Brazilian LCC GOL is reducing its near-term capacity plans as rising coronavirus cases are crimping demand in the country, which previously was on track as one of the fastest recovering markets worldwide.
GOL operated roughly 58% of its 2019 capacity in the fourth quarter (Q4) of 2020, and previously estimated that would grow to 76% in the 2021 first quarter (Q1). But the airline has scaled back its growth, and now expects to operate 55% of its 2019 capacity during Q1.
“After months of continuous recovery, we are seeing a contraction in travel demand due to a rising number of COVID-19 cases in Brazil, combined with extended international travel restrictions, the beginning of low season and customers waiting to get vaccinated,” GOL CEO Paulo Kakinoff said.
Data from the Johns Hopkins Coronavirus Resource Center show Brazil’s cumulative cases increased from 7.6 million on Dec. 30, 2020 to 11.7 million on March 17. On that same day, roughly 90,000 cases were reported.

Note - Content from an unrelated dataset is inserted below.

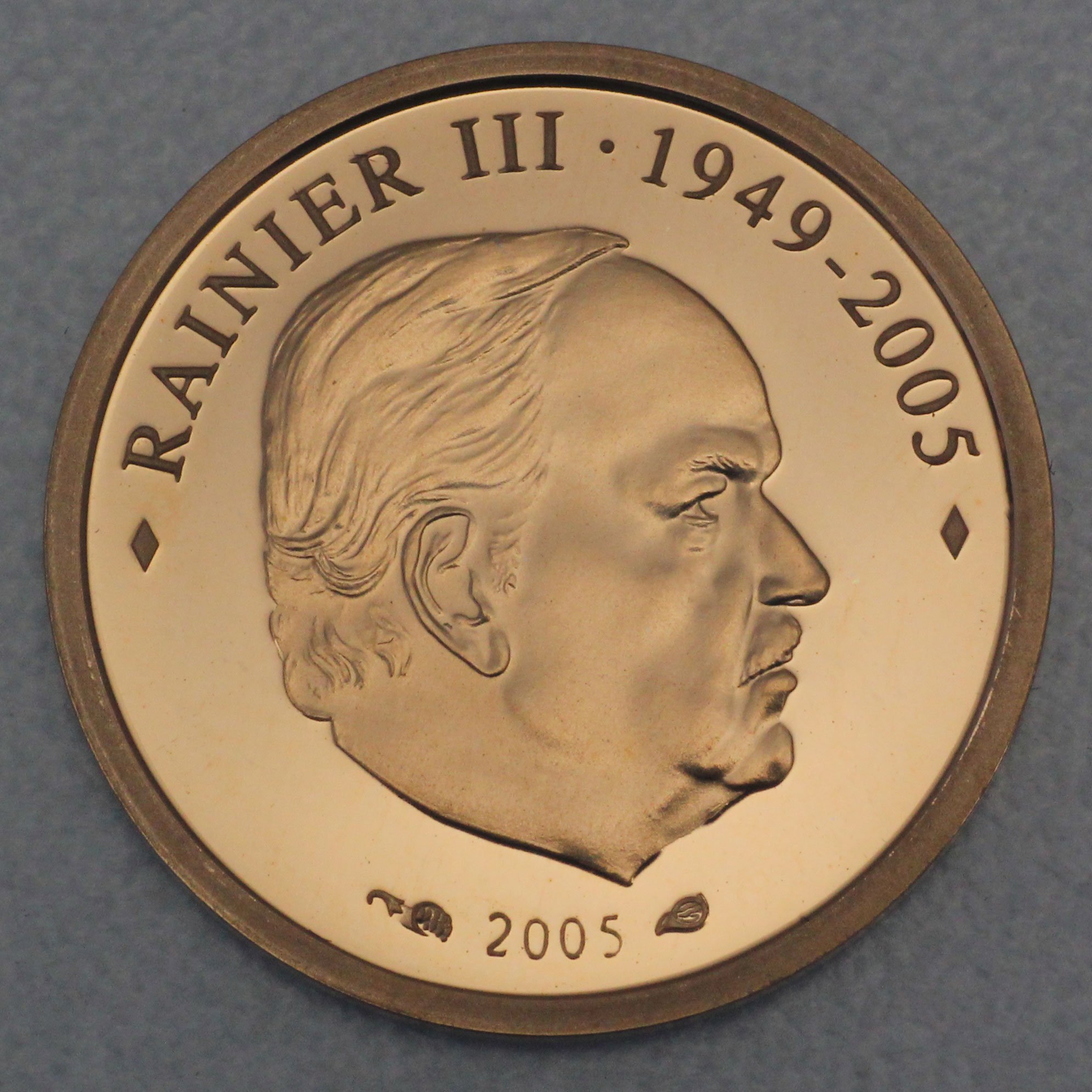 Goldmünze 10 Euro "Fürst Rainier III" 2005 (Monaco) - Hauptansicht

During February, GOL posted a 15% decrease in ticket searches compared with January and a 28% reduction in sales for the month.
For the month of March, GOL’s operations will be just 40% of March 2020. Kakinoff remarked that at the moment, there is still a lack of rationality in the marketplace, “but I believe it is going to be fixed in one or two weeks considering the current demand environment.”
GOL’s rival Azul recently stated that January and February were fairly strong months for the airline. But with the second wave of COVID-19 currently at its peak, Azul could potentially have to make some adjustments for March and April.
Kakinoff concluded that while current market conditions in Brazil are difficult, they are temporary and “demand will continue to recover as the vaccine rollout progresses in Brazil.”